W 1987 roku brytyjska grupa C Cat Trance miała już na swym koncie dwa albumy, które ustawiły ją w gronie tych wykonawców post-punka, których interesuje zarówno czerpanie garściami z tradycyjnej muzyki ludowej Afryki i Bliskiego Wschodu, jak i eksperymentowanie z nowoczesną elektroniką i tanecznymi rytmami. O ile „Khamu (She Sleep Walk)” był mocnym uderzeniem, odwołującym się do industrialu spod znaku Cabaret Voltaire i Clock Dva, tak „Zouave” objawiało bardziej piosenkową i przystępną inkarnację rozwichrzonej muzyki zespołu.

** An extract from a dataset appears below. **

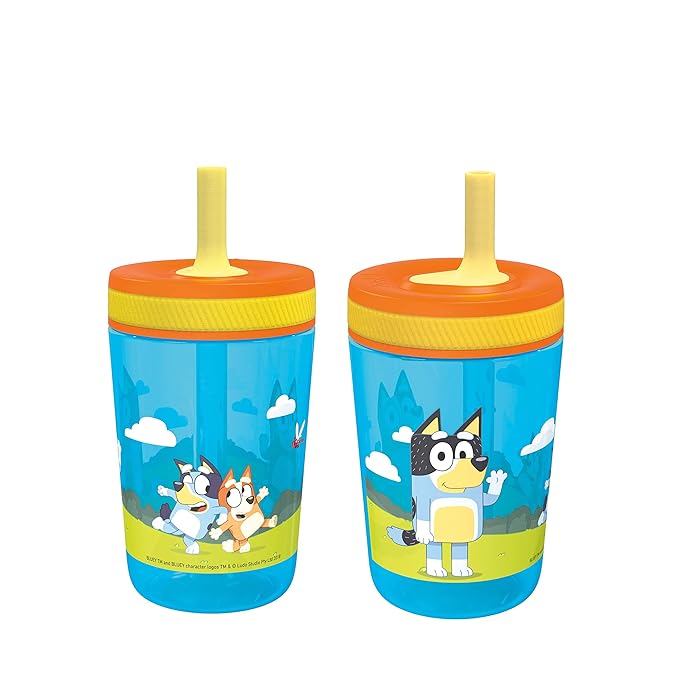 Zak Designs 15oz Bluey Kelso Tumbler Set, Leak-Proof Screw-On Lid with Straw Made of Durable Plastic and Silicone, Perfect Bundle for Kids, 2 Count (Pack of 1)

Fluktuacje te były efektem egzotycznych wojaży lidera formacji – multiinstrumentalisty Johna Reese’a Lewisa. Do pracy nad trzecim albumem C Cat Trance zaprosił on szeroki zestaw muzyków, w którym było miejsce dla jego najważniejszego współpracownika – perkusistę Nigela Kingstona Stone’a, ale też grającego na oud Hassana Erraji z Maroka oraz perkusjonalistę Steve’a Harveya z USA. Kolektyw ten zarejestrował materiał, który w 1987 roku ujrzał światło dzienne nakładem angielskiej wytwórni Ink, a dziś powraca w kompaktowej wersji wiedeńskiej Klanggalerie.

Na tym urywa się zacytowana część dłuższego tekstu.